I'm between NW45/NW47 in MAC SFF (NW46 is wayyy too red) and NW45 in SF powder foundation. I believe I'm an 8.5 in the Matchmaster even though some fool of a makeup artist convinced me at the time that 7.5 was my colour. It can pass in the Wintertime when I get pale and yellow in the face but for the rest of the year it is wayyyyyy too light. I'm thinking of giving it away...or mixing it with my old Bobbi Brown Natural finish that I had gotten in a shade too dark/red....
  	But finally found a good one at last: Estee Lauder Invisble Fluid 6CN1 which has the right amount of yellow/red tones to match the inside and peripheral of my face. I've just bought Clinique Stay-Matte foundation in Amber which initially looks too light but once it oxidizes it is my skin (a little orange but not like MAC SFF oompa loompa orange lol) so I'm not sure if I should keep it or get Clove instead which is more brown in colour. I've tried Sienna and it's a bit too red/dark for me so I don't know what to do. I am also a 7.0 Almond in the Bobbi Brown foundation stick which I use as concealer because it is my colour but way too rich for my oily skin to wear all over. I really want to try the Chanel Perfection Lumiere foundation- I think I'm 104 Ambre because I have gotten samples of the 114 (too light) and the 154 (way too brown/dark). Will have to try Bloomingdales for that shade since Nordstrom doesn't carry it...


----------



## GoldenGirl (Aug 3, 2013)

Went into Mac to replenish my MSFN and asked about the Studio Fix powder.  She applied NC55, but it just looked ashy (my mom was with me and even though she knows very little about makeup, I wanted a second  non-makeup person opinion.  She agreed it didn't look good on me at all.) so the MUA recommended Matchmaster.  I had no intentions on buying it, I've been wary of Mac liquid foundations since I was wearing SFF years ago looking a yellow mess and feeling all kinds of makeup all over my face.  

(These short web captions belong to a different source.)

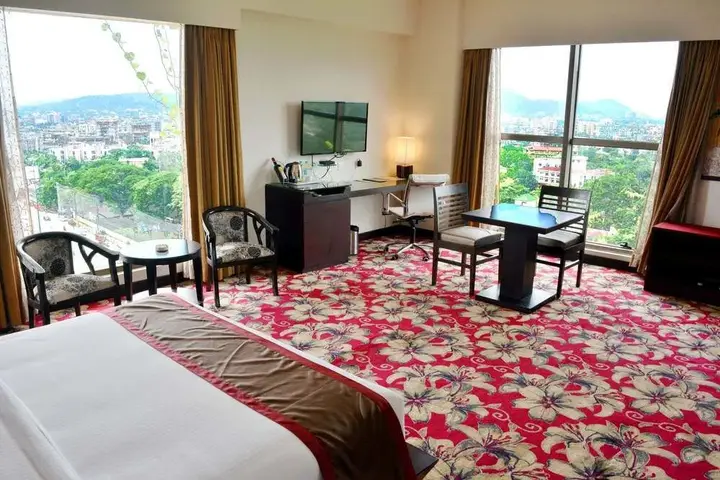 Гувахати: The Lily Hotel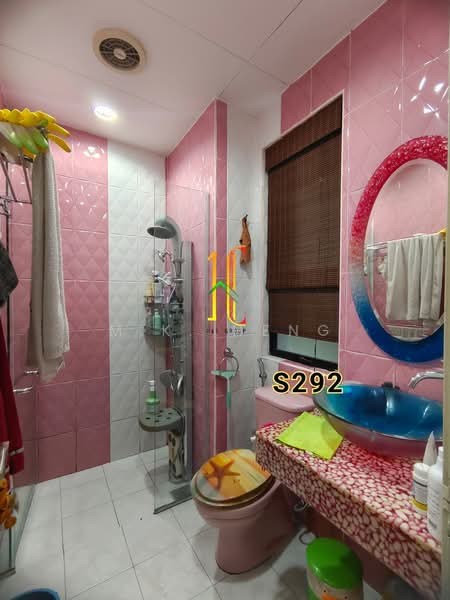 Rumah Berkembar untuk Dijual di Glenmarie Cove (Klang) - M.K. Heng - Bathroom - PropertyGuru.com.my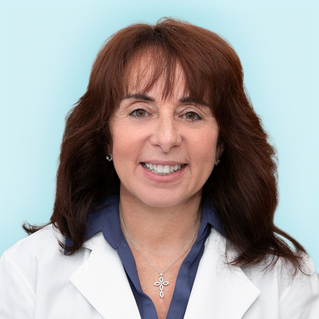 Portrait of Laureen Catalano, NP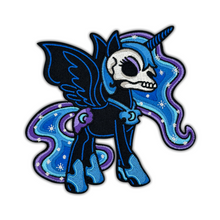 Load image into Gallery viewer, HD Nightmare Skull Pony
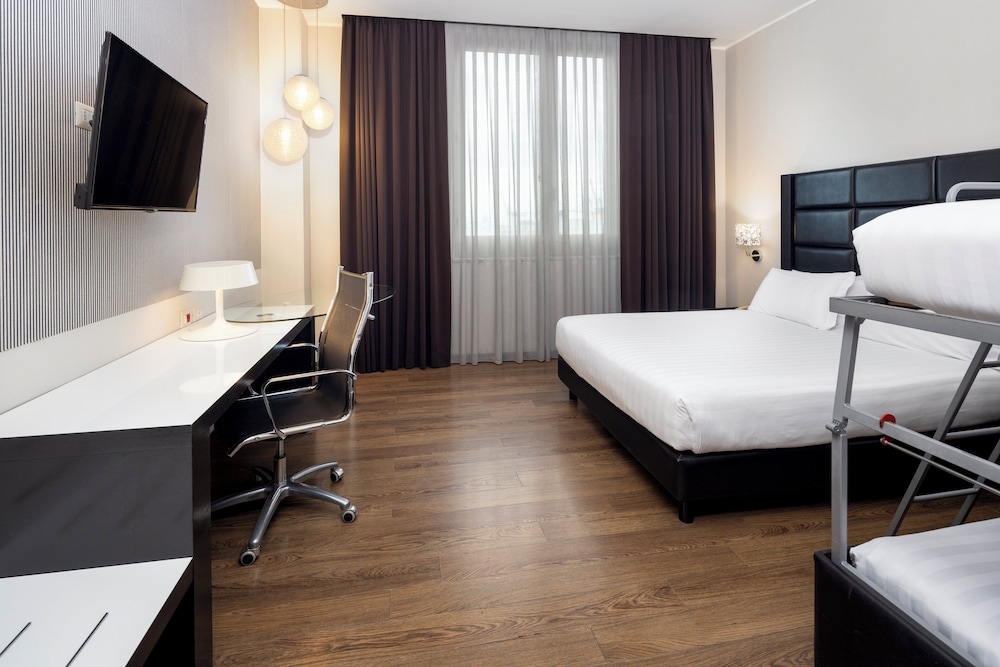 Holiday Inn Genoa City by IHG - zdjęcie 3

  	Anyway, she matched me to 7.5 and it actually looked... pretty daggone good. (So *j4lyphe*, you couldn't possibly be 7.5 if you're an NW, I'd say 8 or 8.5 - check out some of the Karla Sugar swatches, she has GREAT swatches.)  

  	I was actually impressed!  I had my mom take a million and one pictures of me in all kinds of lighting.  I want to be SURE!  LOL!  I'm still wearing it because I want to know how badly it will oxidize on me.  I KNOW it will oxidize, I just need to know how much.  So here's an update to my post from a few weeks ago:

  	I returned both MUFE Face and Body foundations ( 12 and 44 ) because unfortunately I wasn't able to find a good match.  I can also wear L'Oreal True Match Powder in W8 in addition to N8.  W8 is warmer for sure.  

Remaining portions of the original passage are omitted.